InBook{___The_Organic_Chemistry_of_Drug_Design_and_Drug_Action.comma._ch._7_Drug_Metabolism.comma._1992.comma._277.hyphen.351,
author = {Richard B. Silverman},
booktitle = {The Organic Chemistry of Drug Design and Drug Action},
chapter = {7: Drug Metabolism},
editor = {Richard B. Silverman},
pages = {277–351},
publisher = {Academic Press},
year = {1992},
address = {San Diego},
isbn = {978-0-12-643730-0},
title = {CHAPTER 7: - Drug Metabolism},
doi = {10.1016/B978-0-08-057123-2.50011-9},
file = {:Book/The Organic Chemistry of Drug Design and Drug Action, ch. 7 Drug Metabolism, 1992, 277-351.pdf:PDF},
url = {https://www.sciencedirect.com/science/article/pii/B9780080571232500119},
}

and for conversion to directory structure and filename:

  • directory
    [EntryType:regex("InBook","Book"):regex("Article","Journal")]/[citationkey:regex("^(.*)___(.*)$","$1")]
  • filename
    [citationkey:regex("^(.*)___(.*)$","$2"):regex(".comma.",","):regex(".hyphen.","-"):regex(".po.","\("):regex(".pc.","\)"):regex("_"," ")]
    As you can see the path in the file is derived from the entryKey (with replacing Article to Journal and InBook to Book) and the citationkey.

For those that are less experienced with regular expressions the term [citationkey:regex("^(.*)___(.*)$","$1")] works as follows:
It searches in the citationkey field for anything that matches the definition .*: any number of characters followed by ___ three underscores followed by .*: any number of characters.
By default regex stores the matching part of the term in a buffer that can be cited in the replacement term using $0. In case you want to re-use only a part of the match, you have to define subparts using parentheses. In my example ^(.*)___(.*)$ I have defined two subparts (.*) before the three underscores and (.*) after the three underscores. I can cite these in the replacement term with $1 and $2 respectively. $1 I use in the file directory pattern and $2 I use in the filename pattern.

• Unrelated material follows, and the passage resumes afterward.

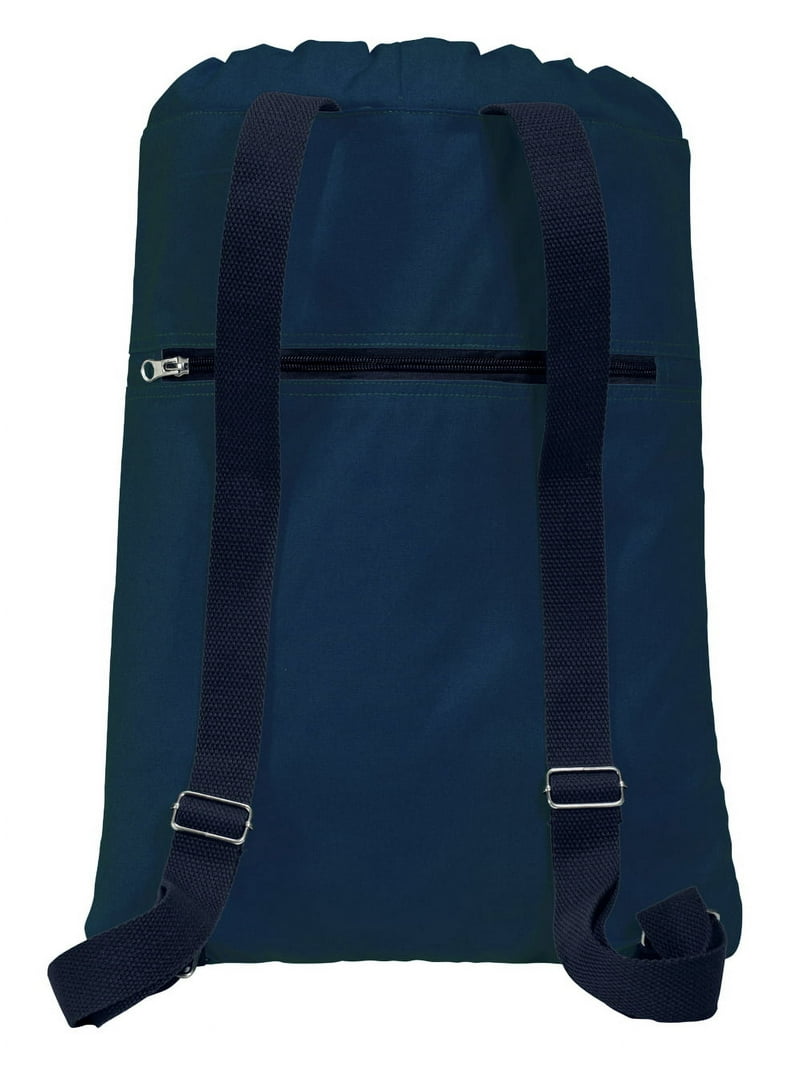 Cotton Canvas Colorado Flag Backpack Natural Fiber Colorado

The problem that arises by using the citationkey is that the citation key does not allow to use any character you would like. I have not checked the manual to find out which characters are forbidden in the citationkey, I just used trial and error to find out. To circumvent this issue I used a trick that was used in building the pre-SQL, 7-bit ASCII textfile databases where many characters were not available (7-bit ASCII) and quite a few were reserved for storing instructions to the interpreters of the files. In those systems we used descriptive replacements between two dots for any symbol that was not available or reserved.
So, the citation key contains .comma. and the filename pattern replaces it with , similar for .hyphen., ...

@ggieling JabRef has a list of inbuilt characters that are not allowed, but you can adjust them Customize the citation key generator - JabRef

For generating the actual file names, JabRef has a list of illegal characters that will be automatically replaced by underscore

Interesting,

I have left the Remove the following characters setting in Citation Key patterns to the default value -`ʹ:!;?^+ This explains the removal of the hyphen, but not the comma and the space. I checked your code extract and in case the list of ILLEGAL_CHARS is an ascii number list, the space (ascii 32) and comma (ascii 44) are both not listed.
Is there perhaps an additional list of characters that are not allowed?

Just for completeness, the setting Replace in the citation key patterns is also in its default, empty, state.